Interest-Only Mortgage Calculator — See Your Real Monthly Payment
Calculate interest-only mortgage payments and compare to principal + interest. See exactly what you pay and when. Free tool.
Enter your values and click Calculate
Interest-only mortgages offer lower initial payments by requiring borrowers to pay only the interest accruing each month without reducing the principal balance. This structure appeals to real estate investors who want to maximize monthly cash flow during a defined hold period before selling, to high-income earners expecting a large future bonus or liquidity event that will allow a lump-sum principal paydown, and to buyers in expensive markets who need to qualify for a larger loan amount with a lower initial payment. The key risk is that principal repayment is entirely deferred — when the interest-only period ends, monthly payments jump substantially because the full original principal must now be amortised over only the remaining shorter loan term, not the full original term.

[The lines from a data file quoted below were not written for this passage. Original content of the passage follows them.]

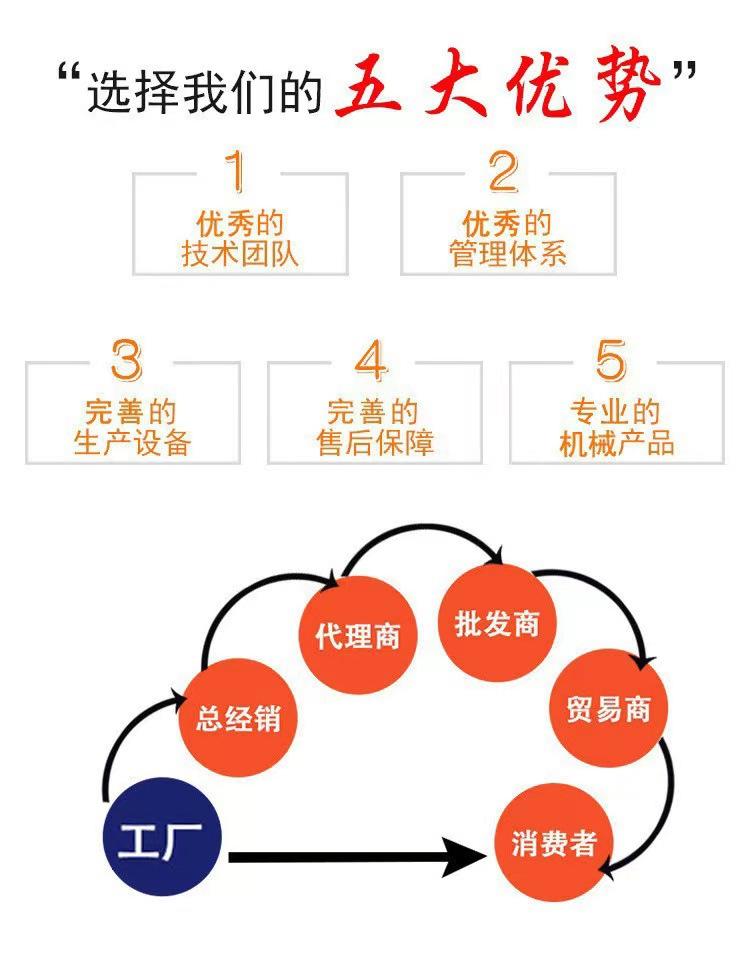 挖机振动夯F2.jpg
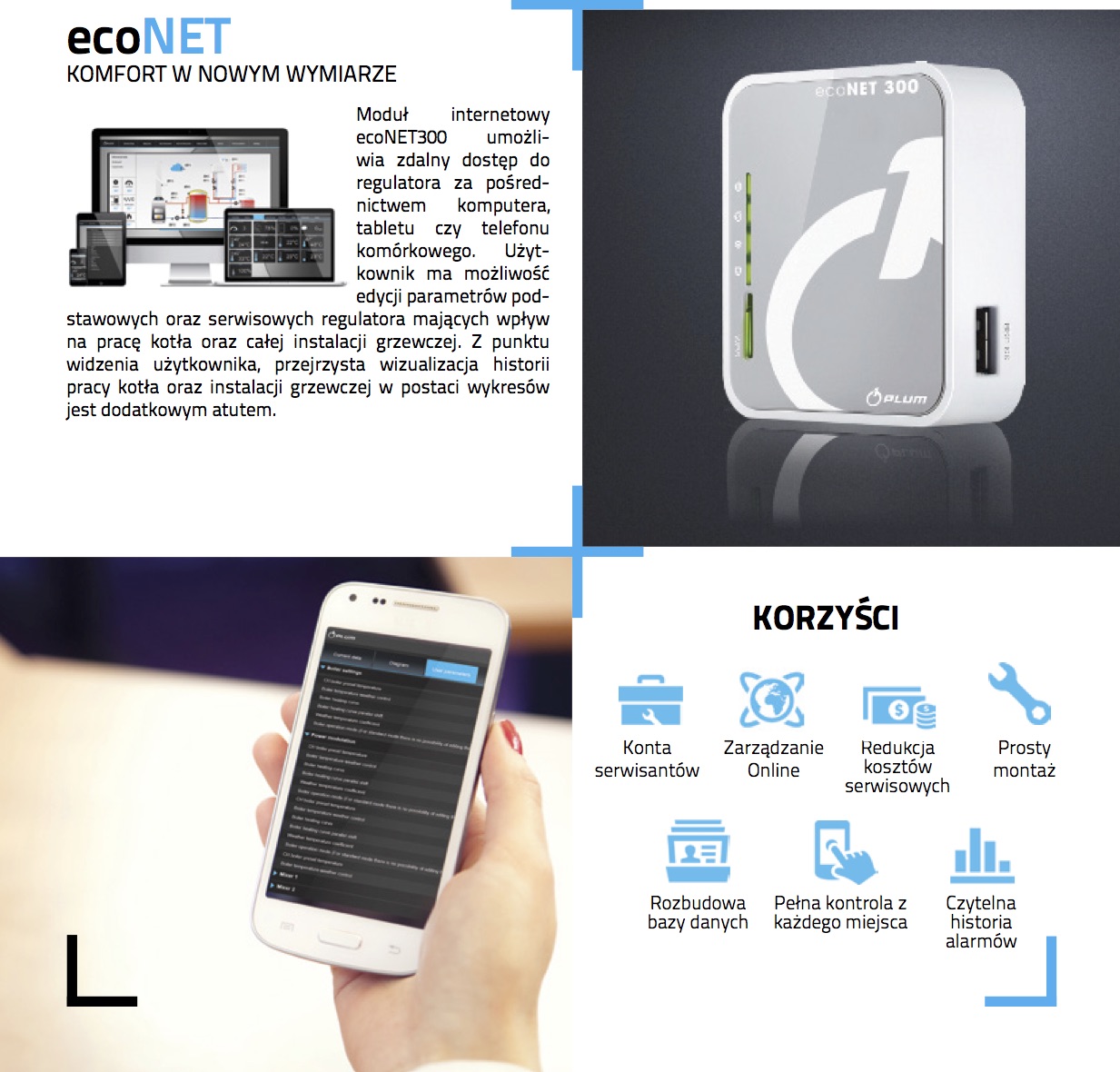 moduł komunikacji Internetowej ecoNET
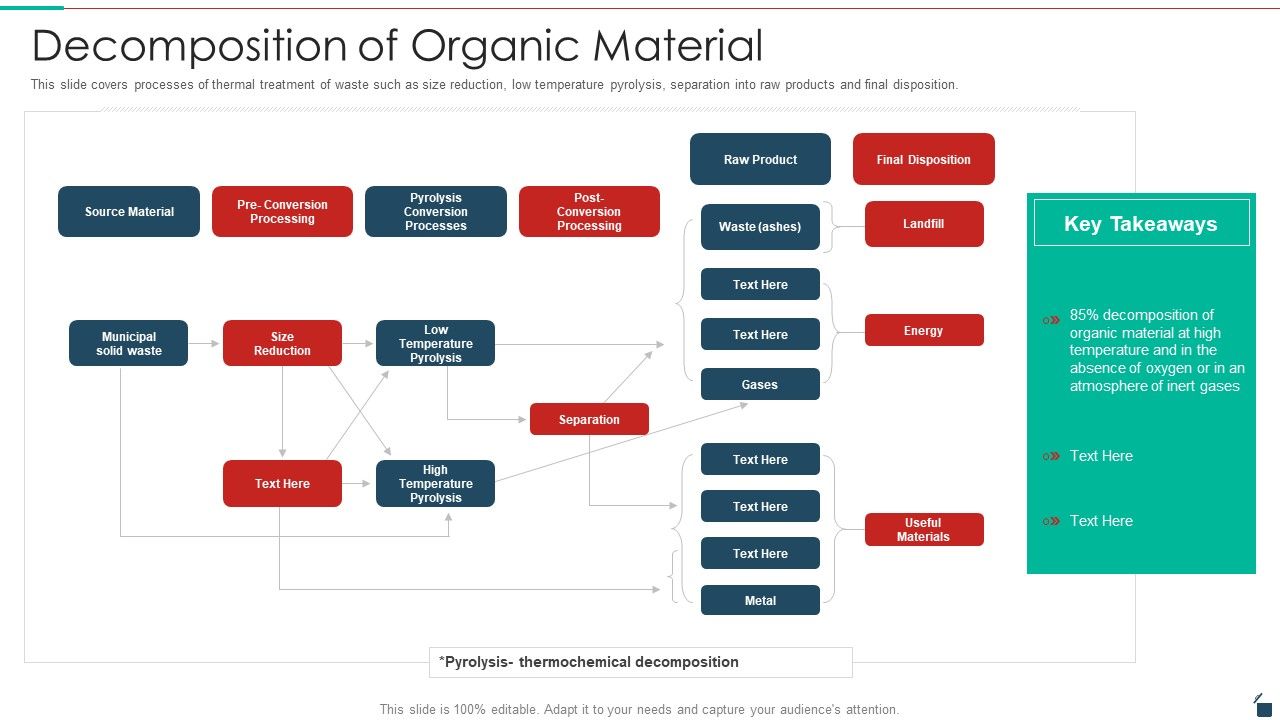 Decomposition_Of_Organic_Material_Resources_Recycling_And_Waste_Management_Download_PDF_Slide_1.jpg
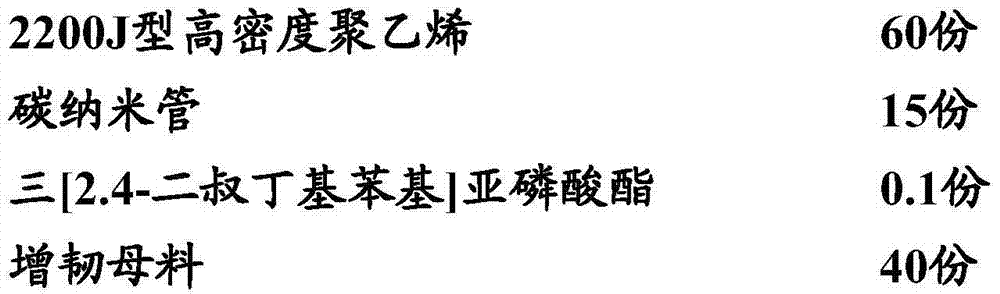 Toughened high density polyethylene 3D printing moulding material and preparation method thereof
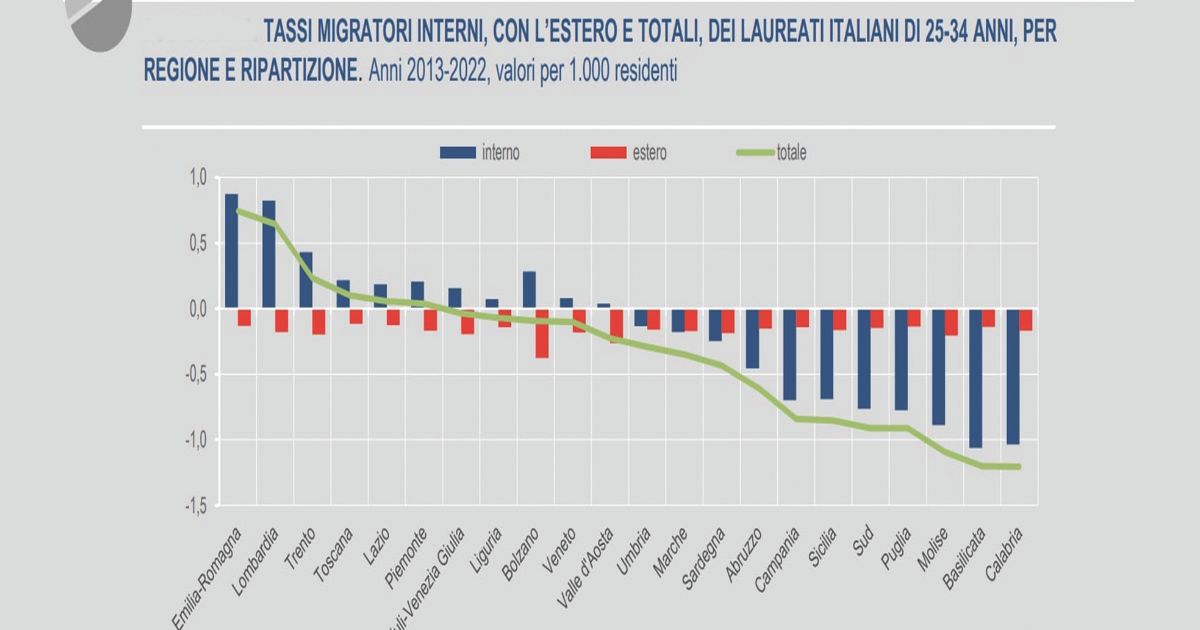 https://www.quotidianodelsud.it/wp-content/uploads/2024/11/questione-meridionale-capitale-umano.jpg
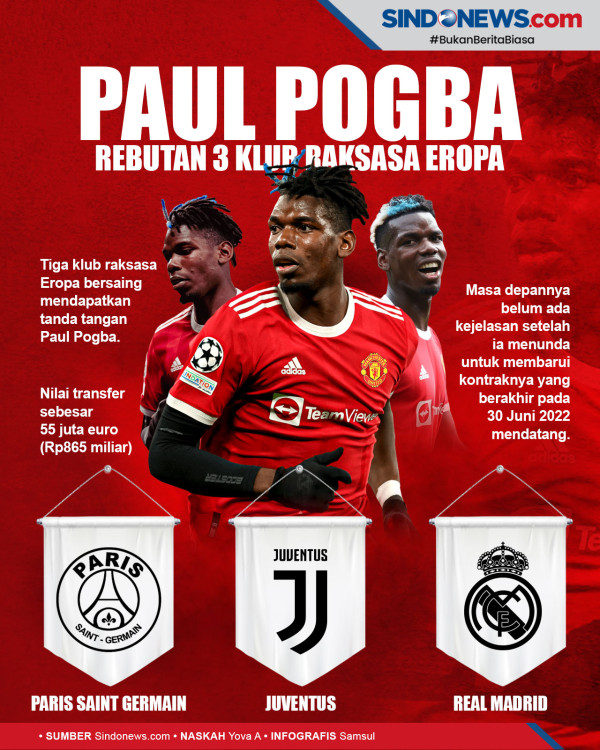 Masa Kecil Paul Pogba, Si Anak Broken Home hingga Jadi Gelandang Jempolan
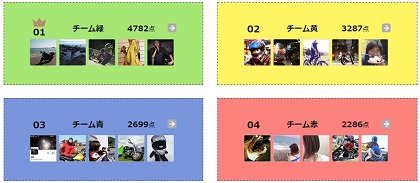 R25モニター第2回ランキング戦の最高得点結果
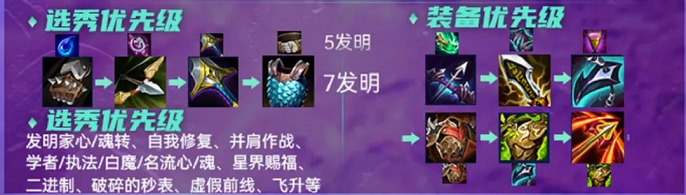金铲铲之战发明家萨勒芬妮阵容怎么玩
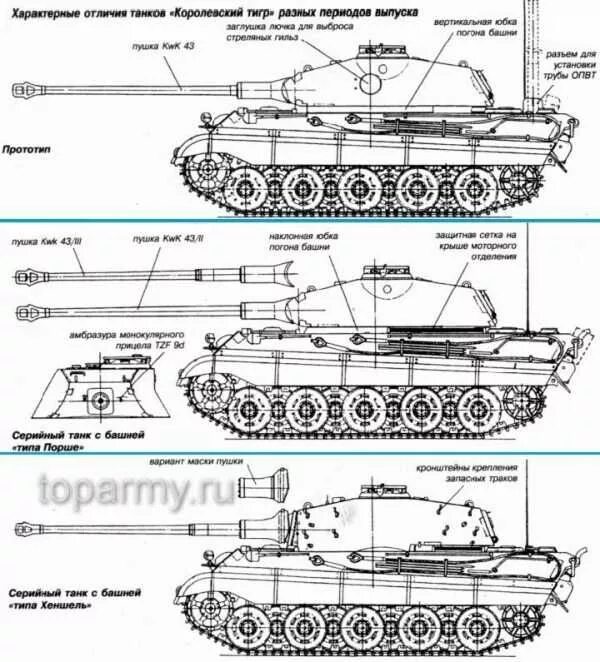 Танк тигр характеристики. Ттх танка тигр. Немецкий танк тигр ттх. Танк тигр ттх. Технические характеристики пантеры танка.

This payment increase is often called payment shock. This calculator shows the monthly IO payment, the higher post-IO amortising payment, a full-term standard P&I comparison, and the total interest paid during the IO phase, giving you a clear picture of the cost and payment-shock risk before committing to this loan structure.
How It Works
During the interest-only period, the monthly payment equals the outstanding loan balance multiplied by the monthly interest rate (annual rate divided by 12). Because no principal is repaid, the balance and therefore the monthly interest charge remain constant throughout the IO period. The total interest paid during the IO phase is simply the monthly IO payment multiplied by the number of IO months. After the IO period ends, the original full balance must be amortised over the remaining loan term. The post-IO payment is calculated using the standard amortisation formula applied to the remaining months. The calculator also computes what a traditional P&I payment would have been over the full original term for direct comparison.